A colaboração em matéria dos BPR não é tarefa fácil. Um exemplo deste desafio é um caminho de ferro entre o Malawi e Moçambique, que necessita de obras de manutenção numa zona pantanosa localizada em território moçambicano. Este caminho de ferro liga o Malawi a um porto e, como tal, é mais importante para o Malawi do que para Moçambique. Mas, dada a importância menor que Moçambique atribui a esta ligação ferroviária, as obras de reparação da linha não são executadas e o Malawi vê-se confrontado com as externalidades negativas que daí advêm.
Lições-chave
No que respeita à implementação de Projectos de Bens Públicos Regionais, os elementos principais levantados durante os debates sobre o desenvolvimento deste tipo de projectos foram os seguintes:
Emprenho: Um sentimento de objectivo comum, conjugado a um compromisso de longo prazo por parte dos países participantes, deve fundamentar qualquer colaboração pública regional;
- Fundamento institucional: Para que a colaboração seja sustentada, há que criar mecanismos institucionais robustos e flexíveis. Também é importante reavaliar a situação vigente no decorrer do projecto, para explorar se os contributos devem ser ponderados de forma diferente ou, talvez, a necessidade de redefinir as parcerias;
- Capacidades: Uma boa concepção de projecto passa por uma análise prévia ponderada dos mecanismos financeiros, em relação às capacidades das partes envolvidas, de modo a assegurar a devida regulamentação e a aplicação dos projectos regionais.

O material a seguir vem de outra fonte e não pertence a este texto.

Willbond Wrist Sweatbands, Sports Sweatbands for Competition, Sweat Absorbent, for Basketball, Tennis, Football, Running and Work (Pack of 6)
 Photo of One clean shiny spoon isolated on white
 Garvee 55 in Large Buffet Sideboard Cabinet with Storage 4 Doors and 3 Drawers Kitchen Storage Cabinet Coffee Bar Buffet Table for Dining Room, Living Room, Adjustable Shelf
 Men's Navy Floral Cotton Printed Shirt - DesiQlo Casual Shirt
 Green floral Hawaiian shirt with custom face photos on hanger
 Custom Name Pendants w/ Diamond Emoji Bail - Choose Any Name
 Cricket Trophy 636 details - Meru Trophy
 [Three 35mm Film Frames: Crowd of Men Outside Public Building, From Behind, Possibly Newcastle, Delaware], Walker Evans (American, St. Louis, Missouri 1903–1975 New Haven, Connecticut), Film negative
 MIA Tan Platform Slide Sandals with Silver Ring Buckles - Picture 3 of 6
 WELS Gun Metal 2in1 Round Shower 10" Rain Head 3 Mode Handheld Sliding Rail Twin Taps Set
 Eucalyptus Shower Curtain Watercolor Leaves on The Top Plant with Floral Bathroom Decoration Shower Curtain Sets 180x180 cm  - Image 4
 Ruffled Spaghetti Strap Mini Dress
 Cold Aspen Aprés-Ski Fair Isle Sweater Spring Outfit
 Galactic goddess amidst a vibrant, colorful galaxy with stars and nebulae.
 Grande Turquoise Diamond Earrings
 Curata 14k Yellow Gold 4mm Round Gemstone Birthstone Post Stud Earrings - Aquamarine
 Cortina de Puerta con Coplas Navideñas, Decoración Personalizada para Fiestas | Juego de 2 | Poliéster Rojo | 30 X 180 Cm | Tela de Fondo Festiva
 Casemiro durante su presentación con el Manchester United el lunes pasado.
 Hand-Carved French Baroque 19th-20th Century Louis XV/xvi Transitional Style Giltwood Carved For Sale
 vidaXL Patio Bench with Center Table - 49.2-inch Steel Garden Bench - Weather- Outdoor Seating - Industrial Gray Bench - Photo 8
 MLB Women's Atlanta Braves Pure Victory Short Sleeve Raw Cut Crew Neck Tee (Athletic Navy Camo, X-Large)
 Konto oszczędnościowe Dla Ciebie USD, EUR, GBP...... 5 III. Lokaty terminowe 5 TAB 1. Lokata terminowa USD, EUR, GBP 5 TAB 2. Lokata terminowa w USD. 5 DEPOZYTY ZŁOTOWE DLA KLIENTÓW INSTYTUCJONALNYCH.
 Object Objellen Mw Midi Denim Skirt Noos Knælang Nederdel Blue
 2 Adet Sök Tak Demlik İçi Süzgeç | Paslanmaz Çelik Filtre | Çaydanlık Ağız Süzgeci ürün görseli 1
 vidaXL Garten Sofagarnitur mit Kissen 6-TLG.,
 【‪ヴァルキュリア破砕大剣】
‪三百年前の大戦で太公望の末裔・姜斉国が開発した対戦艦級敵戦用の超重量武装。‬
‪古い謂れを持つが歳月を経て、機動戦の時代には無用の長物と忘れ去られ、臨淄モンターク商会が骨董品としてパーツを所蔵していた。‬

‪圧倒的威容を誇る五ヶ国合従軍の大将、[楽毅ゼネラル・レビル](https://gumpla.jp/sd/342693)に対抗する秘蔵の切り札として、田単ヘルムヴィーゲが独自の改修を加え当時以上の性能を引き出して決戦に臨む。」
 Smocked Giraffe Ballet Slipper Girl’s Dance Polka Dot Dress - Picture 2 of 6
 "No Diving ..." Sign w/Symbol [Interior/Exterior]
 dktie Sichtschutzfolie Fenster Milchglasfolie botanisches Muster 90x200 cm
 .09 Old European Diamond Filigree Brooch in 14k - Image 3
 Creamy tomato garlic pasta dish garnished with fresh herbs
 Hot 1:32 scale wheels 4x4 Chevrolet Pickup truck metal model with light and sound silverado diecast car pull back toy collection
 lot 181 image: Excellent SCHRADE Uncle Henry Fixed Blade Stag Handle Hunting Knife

- Coordenação de projectos: Embora seja necessário ter em consideração as diferentes necessidades de infra-estruturas, a coordenação dos projectos pode conduzir a maiores eficiências de custos (p. ex.: coordenação conjunta da construção duma estrada transnacional e dum cabo subterrâneo contíguo).
- Liderança forte: Na generalidade, os BPR não se revestem da mesma importância para todos os países. Mesmo assim, pode ser útil se uma instituição ou país forte assumir um papel de liderança e apoiar um país mais fraco (nem que esse país seja o que mais beneficia dum bem público), para não prejudicar toda a colaboração regional em torno dum BPR.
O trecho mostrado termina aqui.